たしかに映画のほうが、市販の英語学習用教材に比べ、発話スピードや発音が実際の会話の場面に近いですよね。大半の学習用教材は、学習者のレベルをあらかじめ設定し、語彙や文法を制限したうえで、対話文や文章を作成しています。市販のリスニング教材で使われるのは、学習者が聞き取りやすいようにスピードを調節している「わかりやすい英語」。実際の会話で起こるような音声変化は、教材のなかではそれほど顕著に現れません。一方映画は、英語学習者を想定してつくられているわけではないため、生の英語を体験できるのです。ネイティブスピーカーが日常的に使うような発音に大量に触れることができるため、映画で実践的なリスニング力を身につけることができるのです。
【メリット2】話者の意図を読み取る練習ができる
ふたつめのメリットは、文脈をたよりに話者の意図を正確に読み取る練習ができること。単語や表現は、常に辞書的な意味で使われるとは限りません。その一例が「皮肉」。たとえば、ハリウッド映画 「バック・トゥ・ザ・フューチャー」には、このようなセリフがあります。
“Perfect. Just perfect.”
“perfect”は「完璧な」が辞書的な意味。しかし上記のセリフは、彼女とのデートで使おうとしていた車がぐしゃぐしゃになってレッカー車で運ばれるときに主人公が発したもの。「ひどい」に近い意図を、主人公は “perfect” という皮肉で表現したのです。

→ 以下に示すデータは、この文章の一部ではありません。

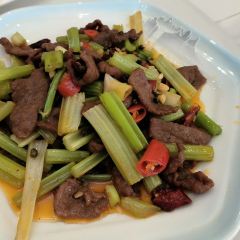 天福魚莊美食城張用戶圖片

県立広島大学の馬本勉副学長は、基本的な語彙や文法の知識をもつ学習者は、言葉の意味だけでなく、その言葉から話者が何を意図しているのかにも注意を向ける練習が必要と指摘しています。それをすることで、実際のコミュニケーションで相手の意図を正確に理解できるようになるのだとか。こうした訓練をするうえで、映画は最適な教材だと馬本副学長は述べています。
【メリット3】表現の定着度が高い
さらに映画は、言語と映像を併用するため、表現の高い定着をもたらします。心理学者のパイヴィオが提示した「二重符号化理論」によると、言語をイメージとともに取り入れると、理解や記憶力が高まるそうです。二重符号化理論の「符号」は、音声や文字などの「言語情報」と映像などの「非言語情報」の2つが符合することを指します。
ニューヨーク州立大学で60人の大学生に実施した研究では、映画の同じシーンを「セリフ」と「映像」の併用で提示した群と「セリフ」のみで提示した群に分け、あらすじや使用されていた表現を口頭で想起させる調査を行ないました。結果、「セリフ」と「映像」を併用して提示した群のほうが、「セリフ」のみ提示した群と比べて、想起できた割合が約10%高かったそうです。シーンで使われる表現が視覚情報と結びついたことで、より定着しやすかったことを示唆しています。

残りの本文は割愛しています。